2. Investigate how different fertility and mortality situations affect the stable population characteristics. Obtain eigendecompositions of different combinations of high and low fertility/mortality countries and look at the implied growth rates and population age structures.
Here, we’ll investigate two different combinations:
## high fertility country (Niger) with a low mortality county (Singapore)
LSN <- leslie(nLx = d$nLx[d$country=="Singapore"],
nFx = d$nFx[d$country=="Niger"])
eigen.SN <- eigen(LSN)
r.SN <- log(Re(eigen.SN$value[1]))/5
v <- Re(eigen.SN$vectors[,1])
k.SN <- v/sum(v)
ages <- seq(0, 45, by = 5)
ggplot(data = data.frame(age = ages, proportion = k.SN), aes(x = age, y = proportion))+
geom_bar(stat = 'identity')+
coord_flip()+
ggtitle("Stable age population structure")
r.SN
## [1] 0.04766744
The implied growth rate in a country with low mortality and high fertility is very high. The population age distribution is heavily skewed towards the earlier age groups — this is an example of an “expansive” age pyramid.
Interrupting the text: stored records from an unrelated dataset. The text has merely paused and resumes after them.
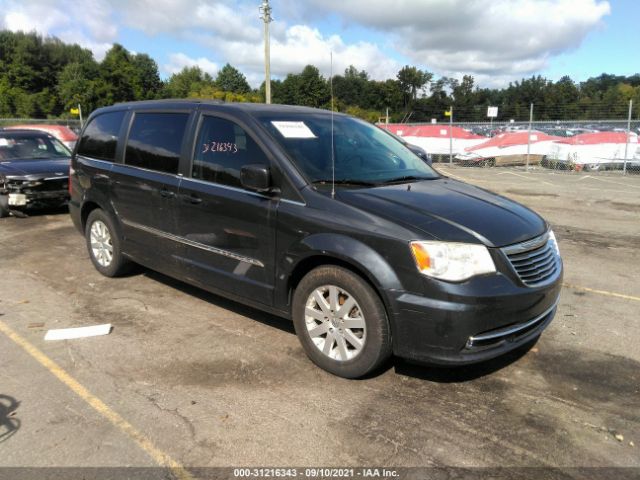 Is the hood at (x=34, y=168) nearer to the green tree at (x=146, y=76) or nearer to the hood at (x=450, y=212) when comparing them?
the hood at (x=450, y=212)

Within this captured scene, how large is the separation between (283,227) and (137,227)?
6.78 ft

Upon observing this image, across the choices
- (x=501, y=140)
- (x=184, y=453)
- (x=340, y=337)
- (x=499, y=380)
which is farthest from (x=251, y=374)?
(x=501, y=140)

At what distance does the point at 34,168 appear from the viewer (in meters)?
9.40

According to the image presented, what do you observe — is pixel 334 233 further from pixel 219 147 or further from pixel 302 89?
pixel 302 89

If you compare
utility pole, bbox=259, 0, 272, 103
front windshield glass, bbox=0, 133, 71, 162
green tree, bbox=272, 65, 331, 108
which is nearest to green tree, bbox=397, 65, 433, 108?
green tree, bbox=272, 65, 331, 108

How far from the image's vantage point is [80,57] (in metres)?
93.8

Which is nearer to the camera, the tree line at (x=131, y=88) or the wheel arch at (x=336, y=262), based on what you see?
the wheel arch at (x=336, y=262)

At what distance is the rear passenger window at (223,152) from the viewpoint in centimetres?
397

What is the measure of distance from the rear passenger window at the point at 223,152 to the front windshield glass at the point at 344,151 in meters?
0.22

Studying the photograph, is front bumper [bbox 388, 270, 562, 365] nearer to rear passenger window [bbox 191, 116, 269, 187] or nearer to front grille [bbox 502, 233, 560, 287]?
front grille [bbox 502, 233, 560, 287]

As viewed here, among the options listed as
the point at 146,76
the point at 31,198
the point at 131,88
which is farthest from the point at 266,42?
the point at 146,76

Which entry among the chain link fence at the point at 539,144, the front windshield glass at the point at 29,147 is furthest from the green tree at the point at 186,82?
the front windshield glass at the point at 29,147

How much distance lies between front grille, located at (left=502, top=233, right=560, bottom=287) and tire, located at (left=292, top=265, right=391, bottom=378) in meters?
0.91

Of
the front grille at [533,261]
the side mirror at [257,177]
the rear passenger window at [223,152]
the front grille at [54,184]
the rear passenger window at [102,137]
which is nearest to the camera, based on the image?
the front grille at [533,261] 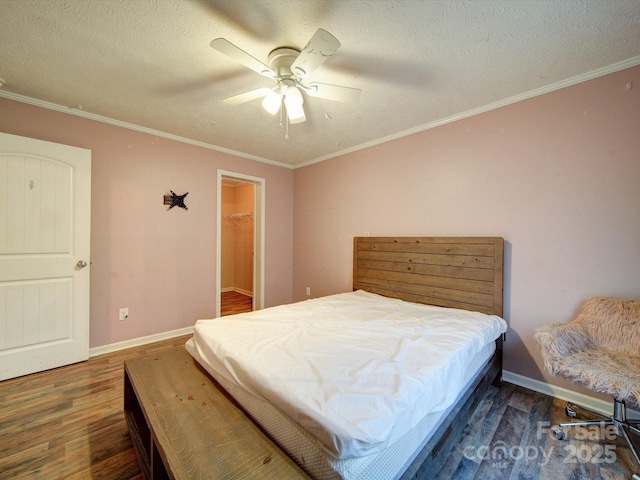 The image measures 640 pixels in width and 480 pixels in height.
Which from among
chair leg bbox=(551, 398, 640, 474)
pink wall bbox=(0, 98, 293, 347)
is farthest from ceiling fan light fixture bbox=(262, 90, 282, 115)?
chair leg bbox=(551, 398, 640, 474)

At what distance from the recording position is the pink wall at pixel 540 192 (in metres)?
1.80

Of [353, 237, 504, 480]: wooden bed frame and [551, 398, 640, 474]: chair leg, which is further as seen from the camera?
[353, 237, 504, 480]: wooden bed frame

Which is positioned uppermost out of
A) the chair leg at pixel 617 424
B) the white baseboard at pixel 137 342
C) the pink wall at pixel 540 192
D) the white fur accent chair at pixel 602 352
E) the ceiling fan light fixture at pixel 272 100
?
the ceiling fan light fixture at pixel 272 100

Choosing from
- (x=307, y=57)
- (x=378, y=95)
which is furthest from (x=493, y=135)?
(x=307, y=57)

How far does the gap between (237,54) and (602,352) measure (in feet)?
9.05

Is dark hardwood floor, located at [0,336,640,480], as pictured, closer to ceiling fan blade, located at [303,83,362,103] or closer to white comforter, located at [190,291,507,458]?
white comforter, located at [190,291,507,458]

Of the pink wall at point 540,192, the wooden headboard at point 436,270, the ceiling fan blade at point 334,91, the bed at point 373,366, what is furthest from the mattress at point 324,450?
the ceiling fan blade at point 334,91

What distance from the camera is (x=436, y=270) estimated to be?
2.58 metres

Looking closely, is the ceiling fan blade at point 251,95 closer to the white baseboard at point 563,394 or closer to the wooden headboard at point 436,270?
the wooden headboard at point 436,270

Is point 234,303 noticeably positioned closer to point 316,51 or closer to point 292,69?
point 292,69

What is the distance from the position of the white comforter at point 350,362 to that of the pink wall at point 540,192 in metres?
0.49

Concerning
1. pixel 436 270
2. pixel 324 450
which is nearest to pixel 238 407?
pixel 324 450

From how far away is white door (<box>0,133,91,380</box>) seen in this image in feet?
7.10

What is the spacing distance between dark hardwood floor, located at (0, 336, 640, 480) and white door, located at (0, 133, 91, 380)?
310mm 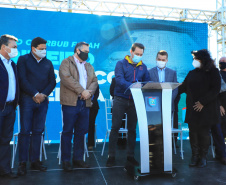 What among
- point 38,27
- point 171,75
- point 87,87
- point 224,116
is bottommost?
point 224,116

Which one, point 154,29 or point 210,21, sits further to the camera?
point 210,21

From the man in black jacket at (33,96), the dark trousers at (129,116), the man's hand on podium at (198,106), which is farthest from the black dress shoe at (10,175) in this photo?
the man's hand on podium at (198,106)

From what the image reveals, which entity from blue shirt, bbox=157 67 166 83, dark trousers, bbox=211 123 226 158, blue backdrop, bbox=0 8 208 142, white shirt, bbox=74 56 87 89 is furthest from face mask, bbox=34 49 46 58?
dark trousers, bbox=211 123 226 158

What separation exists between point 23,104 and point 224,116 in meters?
2.94

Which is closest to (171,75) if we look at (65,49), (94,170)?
(94,170)

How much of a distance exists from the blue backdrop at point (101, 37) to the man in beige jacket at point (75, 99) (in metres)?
2.22

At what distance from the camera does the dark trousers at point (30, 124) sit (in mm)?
2588

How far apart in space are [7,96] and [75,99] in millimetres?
769

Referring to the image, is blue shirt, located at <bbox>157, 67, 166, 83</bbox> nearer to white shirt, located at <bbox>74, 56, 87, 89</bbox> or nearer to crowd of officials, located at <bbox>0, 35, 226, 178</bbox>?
crowd of officials, located at <bbox>0, 35, 226, 178</bbox>

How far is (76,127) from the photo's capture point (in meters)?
2.88

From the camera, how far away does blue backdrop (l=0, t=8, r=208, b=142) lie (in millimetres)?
4934

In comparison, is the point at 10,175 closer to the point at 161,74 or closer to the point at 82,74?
the point at 82,74

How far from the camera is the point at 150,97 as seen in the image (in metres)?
2.38

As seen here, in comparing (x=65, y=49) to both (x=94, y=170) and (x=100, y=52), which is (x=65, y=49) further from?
(x=94, y=170) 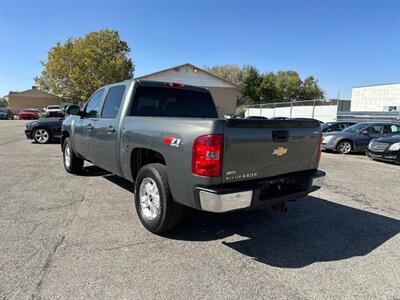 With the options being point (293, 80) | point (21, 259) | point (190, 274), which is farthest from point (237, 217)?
point (293, 80)

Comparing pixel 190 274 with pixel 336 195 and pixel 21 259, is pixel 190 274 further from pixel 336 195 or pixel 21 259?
pixel 336 195

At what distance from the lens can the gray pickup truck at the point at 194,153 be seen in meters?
3.44

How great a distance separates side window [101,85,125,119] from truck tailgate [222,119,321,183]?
252 cm

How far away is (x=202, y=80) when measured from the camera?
39.1m

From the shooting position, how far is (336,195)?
6.57 m

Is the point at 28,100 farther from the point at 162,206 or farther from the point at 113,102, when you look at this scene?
the point at 162,206

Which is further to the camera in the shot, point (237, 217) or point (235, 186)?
point (237, 217)

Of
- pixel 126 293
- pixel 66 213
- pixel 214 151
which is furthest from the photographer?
pixel 66 213

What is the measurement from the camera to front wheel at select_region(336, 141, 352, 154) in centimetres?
1453

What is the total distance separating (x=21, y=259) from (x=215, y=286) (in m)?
2.07

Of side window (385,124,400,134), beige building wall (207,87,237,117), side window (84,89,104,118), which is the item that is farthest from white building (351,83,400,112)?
side window (84,89,104,118)

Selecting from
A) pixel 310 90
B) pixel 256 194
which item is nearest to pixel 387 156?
pixel 256 194

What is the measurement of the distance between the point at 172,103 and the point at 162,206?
6.77 ft

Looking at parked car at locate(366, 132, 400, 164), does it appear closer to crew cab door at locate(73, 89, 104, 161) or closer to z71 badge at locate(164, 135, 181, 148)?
crew cab door at locate(73, 89, 104, 161) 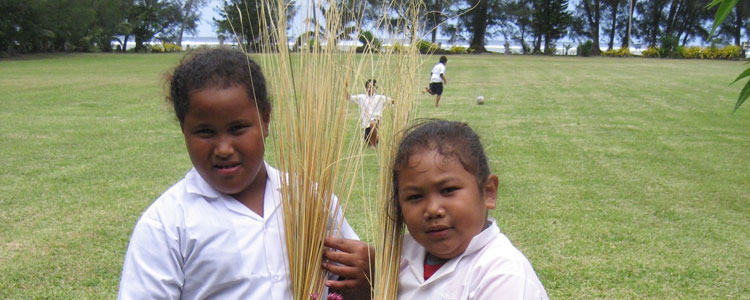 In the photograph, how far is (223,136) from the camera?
4.98 ft

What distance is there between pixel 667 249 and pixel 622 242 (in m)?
0.27

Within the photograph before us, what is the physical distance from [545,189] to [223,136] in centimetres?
456

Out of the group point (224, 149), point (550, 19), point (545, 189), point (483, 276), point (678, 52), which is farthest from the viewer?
point (550, 19)

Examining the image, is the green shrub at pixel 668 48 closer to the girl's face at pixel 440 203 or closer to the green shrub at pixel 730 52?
the green shrub at pixel 730 52

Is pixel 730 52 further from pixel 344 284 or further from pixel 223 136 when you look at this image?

## high fertility and low mortality
LNS <- leslie(nLx = d$nLx[d$country=="Niger"],
nFx = d$nFx[d$country=="Singapore"])
eigen.NS <- eigen(LNS)
r.NS <- log(Re(eigen.NS$value[1]))/5
v <- Re(eigen.NS$vectors[,1])
k.NS <- v/sum(v)
ages <- seq(0, 45, by = 5)
ggplot(data = data.frame(age = ages, proportion = k.NS), aes(x = age, y = proportion))+
geom_bar(stat = 'identity')+
coord_flip()+
ggtitle("Stable age population structure")
r.NS
## [1] -0.02113221
The implied growth rate in a country with high mortality and low fertility is negative (population size is decreasing over time). The population age distribution is heavily skewed towards the older age groups. This is an example of an “restrictive” age pyramid.